This controversial book—back in the limelight with two sequels—made the Hindu nationalists, and eventually even me, blush.
perumal murugan book made me blush

This month, Penguin Random House India released the translations of Tamil author Perumal Murugan’s sequels to One Part WomanA Lonely Harvest and Trial by Silence—by Aniruddhan Vasudevan. However, I cannot but refer back to the first book in the series, which, in 2014, set the literary landscape of India ablaze when Hindu nationalists protested, gave death threats and even called for a ban, leading to Murugan announcing his death as a writer. He eventually came back in full form this year in March.


One Part Woman is all kinds of awakening. Yes, it jolts an urban reader—usually brutally numbed by everyday sexualisation—out of their bubble by confronting them with a lived reality of (a) extramarital sex and (b) inter-caste sex. But Murugan has also managed to provoke our collective wokeness by fuelling a chapter with a hazy, flush-inducing foreplay scene in what otherwise has been agreed upon as a “harrowing account” of a young couple’s love torn apart by a community’s “pathological obsession” towards, well, sanskaar.


I admit I wasn’t exactly comfortably placed when I reached Chapter 32, perched on my rickety office chair that was susceptible to sudden, umm, quivers upon the slightest movements. A little recap of the story: A childless couple, Kali and Ponna, find themselves at crossroads when the wife is slyly taken by her in-laws and parents to a famous chariot festival dedicated to lord Ardhanarishvari (half-man, half-woman; hence the title), where sex with strangers is cool, and the subsequent child is considered a blessing. Which leads us to Chapter 32.

Most steamy scenes start slow and then build up. But Murugan’s is different: They’re languorous, subtle and thrive on an ambiguous form of morality, one that mixes a very human inability to figure out the right from the wrong. The intertwining of the two affects us as readers as well.

We find Ponna in the middle of this festival, where the lights are bright, colourful and hazy, and the mood, that of ecstasy and feverish enjoyment. Men sashay in their dhotis. She’s rubbed against and grazed, and she can’t quite classify those touches. She rejects some men, without the intention of rejecting. “Clever!” she tells herself. Men come, and perch their chins on her shoulders.
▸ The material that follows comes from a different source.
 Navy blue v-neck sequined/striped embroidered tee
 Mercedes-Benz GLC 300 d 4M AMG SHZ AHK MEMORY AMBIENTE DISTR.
One of them lets out out a “heavy sigh” that wafts in the air. “How easily he asked for what he wanted even in the middle of such a crowd!” There’s annoyance and delight with this realisation.
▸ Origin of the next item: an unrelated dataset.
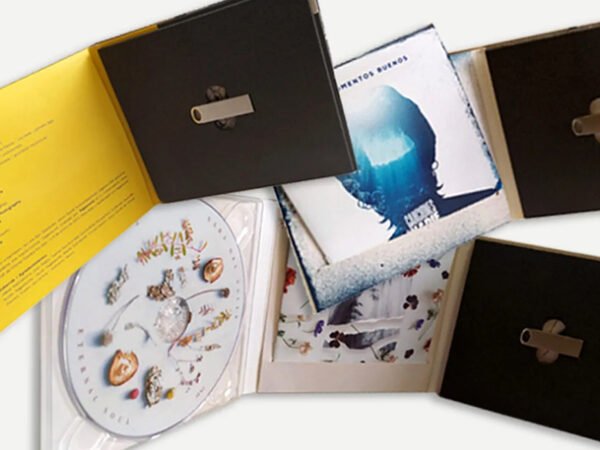 Memoria USB plástico/metal para música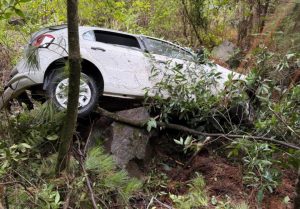 Carro cai em ribanceira de quase 30 metros em Catanduvas e deixa quatro feridos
Sample this: “She was thirsty. Was it her mind’s thirst that was peeping out through her tongue? On the west street, there were four or five unmanned water pandals. Anyone could help themselves to the water. She drank some and splashed some cold water on her face. She felt refreshed.”

The gaze of the woman here to seek blessings of a god quickly turns into a lustful search for her own “god”. She looks on with desire at men—there are more colours, more joy—and she watches their dhotis moving in a way that is “so intense that it wrapped itself around everything in the vicinity”.

She finally finds a piercing gaze when someone blows some air on her nape. He’s an absolute stranger, evoking a thrill of a different kind in her. And me. I felt that air travel down my neck even sitting in my air-conditioned office. I went on reading. “It was never easy for a new face to make its place in a shelf of faces. ‘This is how I expected you to be, god,’ she thought.” She walks ahead and he follows her. “His lips grazed her ears when they said, ‘Shall we eat puttu?’ A male voice dripping desire and intoxication. She didn’t even think. She nodded. He peeped into every store, but didn’t stop at any.”

There’s a certain delight when the writer makes you forget what era the book is set in. Murugan does exactly that. This pivotal scene—which acts as a catalyst for One Part Woman’s sequels—is a heady reminder that lust, no matter where you place it, even in a provincial town in pre-Independent Tamil Nadu, is timeless. But much to the chagrin of my derelict chair, Murugan ends the scene with nothing more than this: “Like a rain-soaked chicken, she huddled in his warmth. It appeared that he was taking her far away from the crowds and the noise.”